OpenAI has introduced Aardvark, an autonomous agent based on GPT-5 that works as a digital security researcher: it reads code, finds vulnerabilities, checks exploits in a sandbox, and offers ready-made patches. The tool has already discovered dozens of real bugs and 10 CVEs in open source projects. It is currently in private beta.

Aardvark is a new approach to cybersecurity: not just code analysis, but behavior like a real AppSec specialist. The agent connects to the repository, analyzes commits, builds a threat model, finds risks, confirms exploitation in the sandbox, and sends a pull request with a fix via Codex.
Its key features:
analysis of the entire code base
tracking of commits and changes
exploitability assessment
launching an attack in a safe environment
auto-generation of patches + review by an agent
integration with GitHub
Aardvark shows high results: 92% of detected vulnerabilities in test repositories. Similar solutions are currently being developed by other giants – Google is already testing CodeMender. But OpenAI is the first to launch the tool as a standalone agent for security teams.
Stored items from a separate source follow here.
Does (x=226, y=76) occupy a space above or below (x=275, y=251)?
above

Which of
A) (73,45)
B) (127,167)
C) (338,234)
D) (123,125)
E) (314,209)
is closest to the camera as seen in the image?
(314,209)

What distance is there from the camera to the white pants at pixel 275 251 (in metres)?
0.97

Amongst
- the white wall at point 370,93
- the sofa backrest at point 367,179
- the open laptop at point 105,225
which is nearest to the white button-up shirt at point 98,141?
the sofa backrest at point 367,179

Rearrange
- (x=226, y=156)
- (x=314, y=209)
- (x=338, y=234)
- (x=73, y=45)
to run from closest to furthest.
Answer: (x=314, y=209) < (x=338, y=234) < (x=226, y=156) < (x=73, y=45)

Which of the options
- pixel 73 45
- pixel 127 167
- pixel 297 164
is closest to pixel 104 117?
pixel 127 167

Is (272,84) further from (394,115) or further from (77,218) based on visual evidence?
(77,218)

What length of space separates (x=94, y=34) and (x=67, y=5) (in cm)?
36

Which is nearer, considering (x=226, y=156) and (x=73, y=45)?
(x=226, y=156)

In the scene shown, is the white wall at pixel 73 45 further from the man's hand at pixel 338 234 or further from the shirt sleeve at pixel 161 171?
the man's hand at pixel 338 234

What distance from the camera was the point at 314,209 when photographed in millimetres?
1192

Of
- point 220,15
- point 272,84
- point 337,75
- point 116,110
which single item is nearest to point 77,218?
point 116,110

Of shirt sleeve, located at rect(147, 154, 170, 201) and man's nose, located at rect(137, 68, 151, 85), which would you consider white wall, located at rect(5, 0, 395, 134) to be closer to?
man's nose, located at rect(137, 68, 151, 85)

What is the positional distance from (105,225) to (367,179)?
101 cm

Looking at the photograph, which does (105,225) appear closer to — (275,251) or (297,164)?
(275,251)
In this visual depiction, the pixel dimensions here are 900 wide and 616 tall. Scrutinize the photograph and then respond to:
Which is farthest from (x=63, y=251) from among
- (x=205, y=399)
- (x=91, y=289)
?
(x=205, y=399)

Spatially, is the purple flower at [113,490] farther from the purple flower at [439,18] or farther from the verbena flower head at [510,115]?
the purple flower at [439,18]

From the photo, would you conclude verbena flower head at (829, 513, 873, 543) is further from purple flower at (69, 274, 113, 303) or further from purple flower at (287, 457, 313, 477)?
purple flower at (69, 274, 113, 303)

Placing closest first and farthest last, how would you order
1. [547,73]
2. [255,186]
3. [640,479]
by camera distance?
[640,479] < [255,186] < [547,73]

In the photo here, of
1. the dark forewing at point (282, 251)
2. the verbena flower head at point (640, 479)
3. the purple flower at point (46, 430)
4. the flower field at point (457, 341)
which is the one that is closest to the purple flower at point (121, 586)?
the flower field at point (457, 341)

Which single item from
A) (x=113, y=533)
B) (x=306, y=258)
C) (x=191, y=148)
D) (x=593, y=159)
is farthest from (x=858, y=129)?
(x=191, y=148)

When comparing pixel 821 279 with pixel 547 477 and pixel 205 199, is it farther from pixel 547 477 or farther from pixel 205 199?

40,000+ CVEs were registered in 2024. About 1.2% of commits in projects contain vulnerabilities, which makes automatic continuous code auditing critically important. OpenAI already uses Aardvark in its own repositories and plans to audit select open-source projects for free.
Aardvark is a step into a new era of security, where AI becomes a permanent member of the Blue Team and catches vulnerabilities before hackers exploit them. If the system becomes publicly available and proves stable, it could revolutionize the approach to AppSec and make code auditing available to every team, not just corporations.